Oggigiorno è possibile curare qualsiasi tipo di Disfunzione erettile con un approccio graduale commisurato alla gravità del problema. Il primo passo terapeutico è costituito dalla somministrazione di farmaci orali (viagra, levitra e cialis). Il secondo stadio è rappresentato dall’ iniezione direttamente nel pene di sostanze vasoattive (prostaglandine, papaverina, fentolamina). In alternativa, o in caso di insuccesso dei suddetti trattamenti, la terza opzione è rappresentata dall’ impianto di una protesi peniena.



Tipi di protesi (torna su)

Esistono due tipi di protesi peniene: protesi malleabili e protesi idrauliche. Le protesi malleabili (anche denominate “semirigide” o “non idrauliche”) sono costituite da due cilindri che si impiantano nei corpi cavernosi e conferiscono al pene uno stato di rigidità parziale e permanente appena sufficiente per avere un rapporto sessuale soddisfacente.

01_proA sinistra protesi malleabile, a destra protesi idraulica tricomponente

Le protesi idrauliche sono dei dispositivi più complessi. Sono costituite , oltre che dai due cilindri che si impiantano nei corpi cavernosi, da altri due componenti: un serbatoio che viene impiantato dietro l’ osso pubico ed una pompa che viene collocata nello scroto del paziente. Questi tre componenti (i due cilindri, la pompa ed il serbatoio) sono collegati tramite dei piccoli tubi per formare un impianto idraulico contenente un semplice liquido (soluzione fisiologica), controllato direttamente dal paziente , il quale potrà, ogni volta che lo desidera, far passare il proprio pene da uno stato di flaccidità ad uno stato di erezione completa e viceversa. Premendo un tasto a livello della pompa posizionata all’ interno del proprio scroto, il paziente farà passare il liquido dal serbatoio collocato dietro l’ osso pubico dentro i cilindri all’ interno del pene. Riempiendosi di liquido, i cilindri si gonfiano determinando una erezione totale del pene che potrà essere mantenuta per tutto il tempo desiderato. Premendo un altro apposito tasto a livello della pompa, il paziente potrà far passare nuovamente il liquido dai cilindri al serbatoio, facendo ritornare così il pene allo stato di flaccidità. Il funzionamento di una protesi idraulica è facilmente comprensibile osservando l’ illustrazione qui di seguito.
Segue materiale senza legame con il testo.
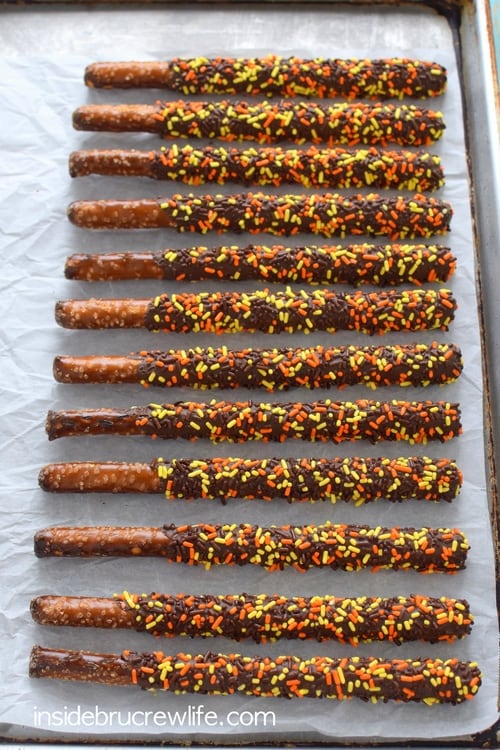 Overhead picture of a tray of chocolate covered pretzels with fall sprinkles.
02_proIn questo schema illustrativo viene spiegato il funzionamento di una protesi idraulica tri-componente. Premendo un tasto a livello della pompa scrotale, il liquido contenuto nel serbatoio retro pubico fluisce nei cilindri inseriti dentro il pene ottenendo così uno stato di erezione completa. Premendo un altro tasto sempre a livello della pompa, il liquido compie il percorso inverso ed il pene ritorna allo stato di flaccidità.




Dopo l’ intervento di impianto di protesi peniena il pene conserverà una normale sensibilità ,dal momento che le vie nervose non vengono danneggiate. La partner proverà le stesse sensazioni e non si accorgerà neanche della presenza della protesi. Il paziente avrà la stessa eiaculazione che aveva prima dell’ intervento e sarà in grado di raggiungere l’ orgasmo. Verrà conservata la possibilità di concepire un figlio. La protesi sarà completamente invisibile dall’ esterno: nessuna delle sue componenti sarà visibile ad occhio nudo. Le protesi peniene non danno alcun disturbo alla funzione urinaria e sono progettate per durare tutta la vita.
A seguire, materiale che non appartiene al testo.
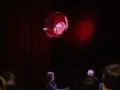 Na scenie, wśród czerwonych zasłon, unosi się kula z projekcją twarzy, przypominająca kurkę wodną. Widownia wpatruje się w to widowisko.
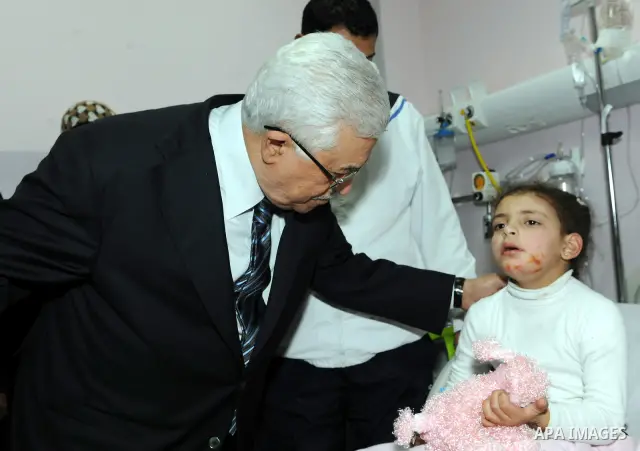 Palestinian President Mahmoud Abbas visits a Palestinian child, one of dozens of schoolchildren injured in a school bus accident, at a hospital in the West Bank city of Ramallah, Thursday, Feb. 16, 2012. A truck lost con...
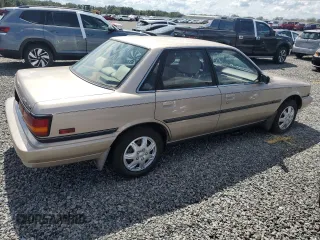 1991 Toyota Camry DLX z VIN 4T1SV21E5MU415356, wystawiony jako Copart lot #74465914 z przebiegiem 74 592 mil mil oraz Szkoda całkowita • Salvage title. Historia ofert i sprzedaży dostępna na DreamBid. Obrazek 3.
Procedura chirurgica (torna su)

Per impiantare una protesi si esegue una piccola incisione tra il pene e lo scroto. L’ intervento viene eseguito in anestesia spinale o generale. La procedura dura circa 90-120 minuti. Al termine dell’ operazione il chirurgo uro-andrologo lascia la protesi leggermente gonfiata e riveste il pene con un bendaggio compressivo al fine di ridurre gli edemi post-operatori. Il ricovero è generalmente breve (uno- due giorni). L’ attività sessuale potrà essere intrapresa dopo 4-6 settimane dall’ intervento. Dopo l’ operazione residuerà una piccola cicatrice a livello dello scroto appena sotto il pene a malapena visibile. Il paziente verrà accuratamente istruito ad utilizzare la propria protesi, il cui funzionamento è molto semplice ed intuibile.